02 September 2009

Productivity Matters (Debt Not so Much)

Compared to 1945, today's

GDP is 65X larger
consumer debt is 444X larger
the value of mutual funds is 12,400X higher

GDP measures income and the mutual funds are one proxy for wealth, perhaps the simplest measure of the middle class's involvement in stock and bond markets.

A great deal is made of how much debt we have. Debt still seems to suggest opprobrium of some kind, but it is an instrumental part of a financially sophisticated society. Would the world really be better if no one purchased a house until they had saved the full amount to buy it outright, or if no one pursued higher education until they could do it without a loan or didn't take that beach vacation until they were in their 70s? Debt enables options and the modern access to credit means that the person going into debt needn't explain his or her reasons to anyone: only convince someone they can repay the loan.

Keep your eye on productivity instead. If we produce more, we can have more, whether it comes in the form of profits or salary or taxes and is taken now in consumption or saved for later as investment. With that in mind,

"The US Department of Labor reported that non-farm productivity grew at an annual rate of 6.6% in the second quarter, higher than economists expected," at the highest rate since 2003.

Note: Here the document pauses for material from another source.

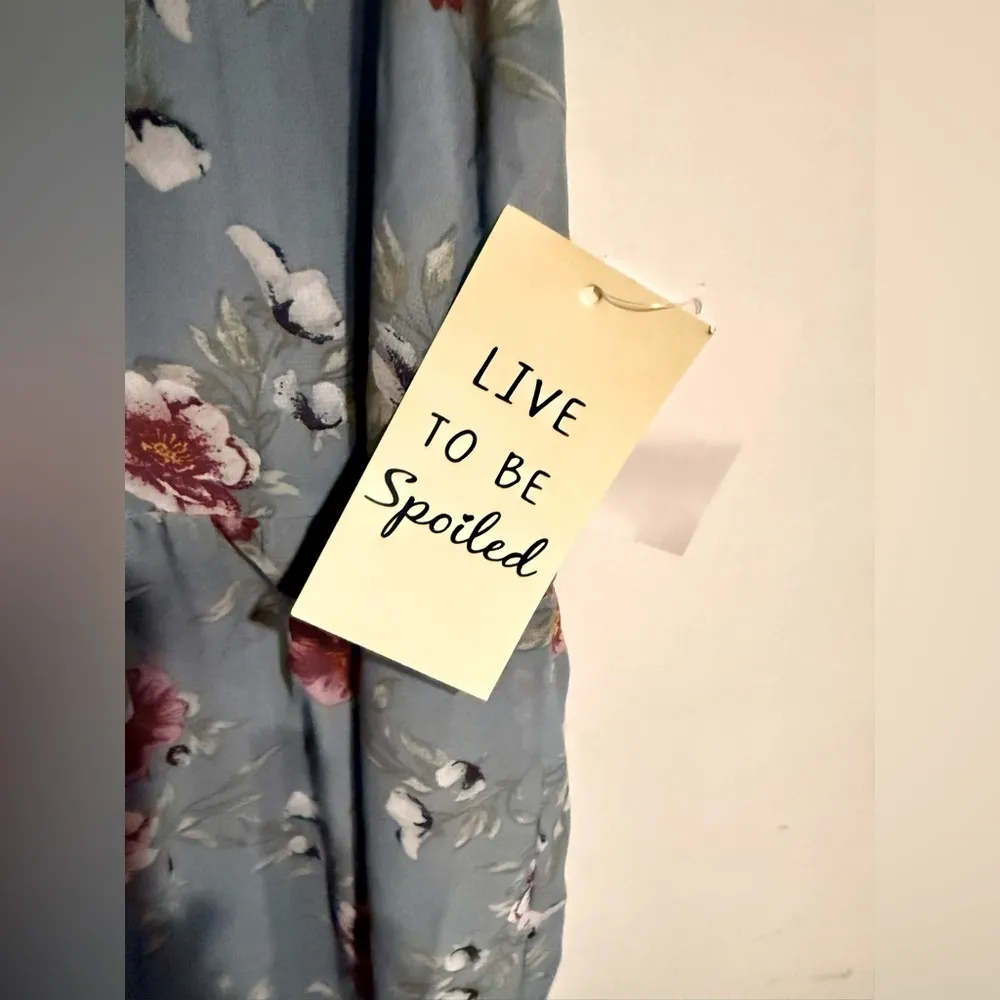 Live to be spoiled, Floral dress, Size L, NWT - Image 4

Might we be laying the foundation for real progress? Or would such a prediction sound so pollyanna-ish as to get my blogger's license revoked?

3 comments:

Allen said...

What was the non-farm productivity growth in? Growth is good only if it's in industries that can produce sustainable growth.

I don't know if auto mfg is considered in the growth number but let's say it is, then the 6.6% growth would have as 1 component an increase in auto mfg output. But that wouldn't be sustainable growth because the "cash for clunkers" program was a short term stimulus item and therefore not sustainable.

I want to see what's behind that 6.6% growth before I open a bottle of Sparkling Wine.

nunya said...

"If we produce more, we can have more, whether it comes in the form of profits or salary or taxes and is taken now in consumption or saved for later as investment."

Hoooo-eeee, you bought that one hook, line and sinker, didn't you?

Ron Davison said...

Allen - it was an increase in vineyard production. Go ahead. Open the bottle.

Nunya,
I do believe this. I left out one party: consumers who get more for the same price. If we're more productive, somebody (hopefully everybody) is getting more: whether it is greedy business owners, smothering governments, or demanding employees or customers. You might not like who gets the benefit of the added productivity and how groups get that is its own discussion but if we aren't more productive any gains for one group always come at someone else's expense. It is pretty simple arithmetic.